Basal reinforcement, where high tensile geogrids are employed beneath structures, is becoming an
increasingly accepted construction technique along the eastern coast of southern Africa. The presence
of compressible, soft, thin and shallow clay horizons usually associated with complex estuarine or
lagoonal deposits are a major consideration when using basal reinforcement as a founding technique.
Basal reinforcement involves the use of high tensile strength geogrids beneath a structure to form a
reinforced sand foundation. Deformation behaviour under loading is an important component of
stability analysis of earth structures. If reinforcement is used, the mechanisms become altered.
Geotechnical centrifuge modelling is a unique physical modelling technique, as it allows replication
of in situ stresses, which is most important because soil behaviour is a function of stress. This is
achieved by placing the model at the end of the centrifuge arm, and subjecting it to an increased
gravitational field, which creates the correct stress distribution in the model. Centrifuge modelling
provides an appropriate technique to observe the behaviour of compressible, soft, thin and shallow
clay horizons when basal reinforcement is utilized. An appropriate centrifuge model was constructed
and compared the behaviour of the clay horizon under unreinforced and reinforced conditions.

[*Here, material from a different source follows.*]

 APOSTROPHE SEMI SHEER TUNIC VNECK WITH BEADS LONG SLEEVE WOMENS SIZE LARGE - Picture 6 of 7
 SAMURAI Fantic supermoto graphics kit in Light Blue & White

Reinforcement configurations were adjusted to observe the influence of additional geogrid layers, and
extension of the width of the reinforcement. It was found that deformation behaviour is distinctly
different between unreinforced and reinforced tests. Vertical deformation in the unreinforced test
localised to the region directly beneath the platform, with little lateral disturbance to the clay horizon
beyond the platform edge. As such, the sand directly beneath the platform acts as a deeper rigid
platform. The deformation behaviour of the clay horizon changes with the inclusion of reinforcement.

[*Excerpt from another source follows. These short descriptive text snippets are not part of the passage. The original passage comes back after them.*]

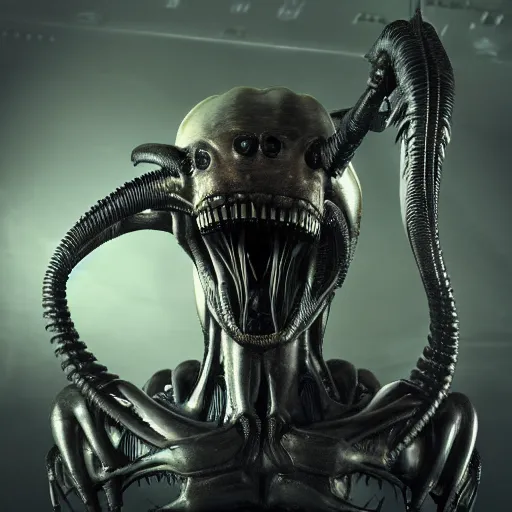 Image similar to h. r. giger xenomorph, cinematic lighting, high resolution, 4 k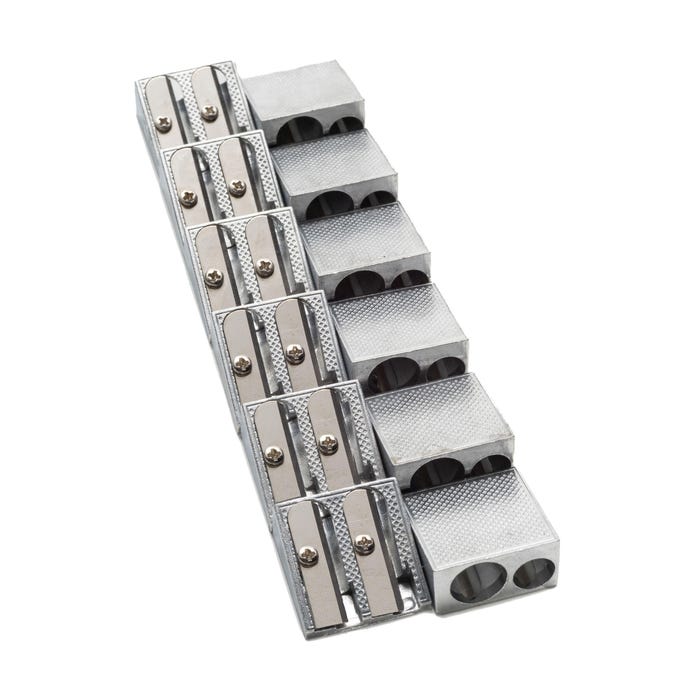 School Smart 2 Hole Pencil Sharpeners, Silver, Pack of 12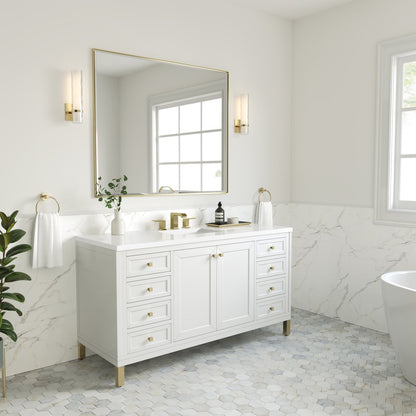 James Martin - Chicago 60" Single Vanity, Glossy White, w/ 3 CM White Zeus Silestone® Top - 503-V60S-GW-3WZ view 5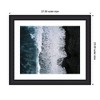 Kate and Laurel Framed Art Ocean Waves on the Black Beach in Iceland by Michael Schauer, 27x23, Oliver Black Narrow - 2 of 4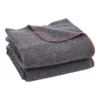 Wool Camping Blanket 64" x 88" Warm for Camping Hiking Travel Light Grey - Image 10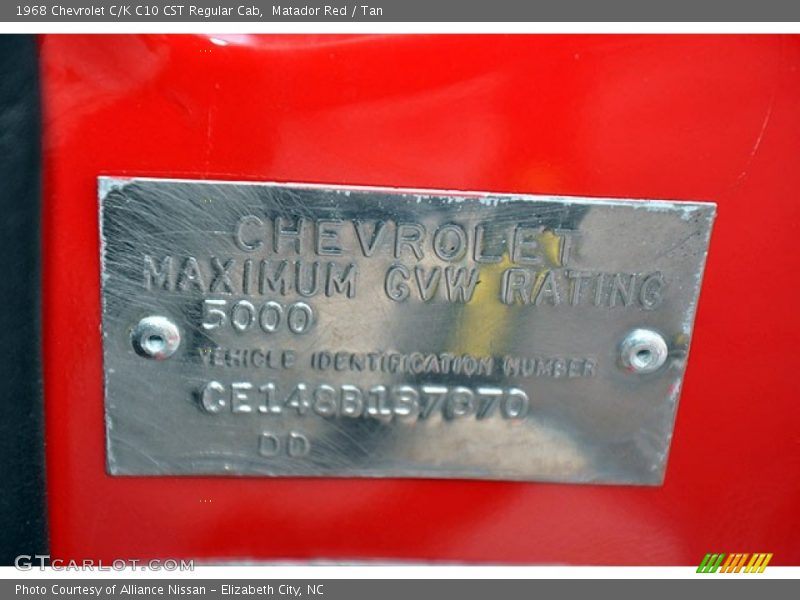 Info Tag of 1968 C/K C10 CST Regular Cab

When reinforcement is included a wider portion of clay is deformed. The lateral width of this
deformation zone is controlled by the width of the reinforcement, as the applied load is spread. A
‘wide-slab’ effect is evident with an increase in the geogrid width, as the tensioned membrane-effect
is mobilised to increase the capacity of the reinforced foundation sand. This results in a wider portion
of the clay deforming. Addition of geogrid reinforcement to the sand foundation under a wide
platform load enhances deformation of the clay, but has the advantage of an increased load-bearing
capacity of the system. Furthermore, the addition of multiple layers of reinforcement contributes to
this increase in load-bearing capacity. Additionally, increasing the installation width of the
reinforcement contributes to an increased vertical load-bearing capacity. However, this resultant
increase is only mobilised after a certain amount of vertical displacement. This is likely due to the
reinforcement requiring a certain amount of vertical displacement to mobilise tension in order to
support the applied load. The behaviour of a thin compressible clay horizon changes with the
inclusion of reinforcement under a wide platform load. The deformation behaviour of the clay is
increased by additional layers of reinforcement as well as an increase in the width of the
reinforcement. However, the increase in deformation comes at the benefit of an increased vertical
load-bearing capacity of the reinforced foundation sand.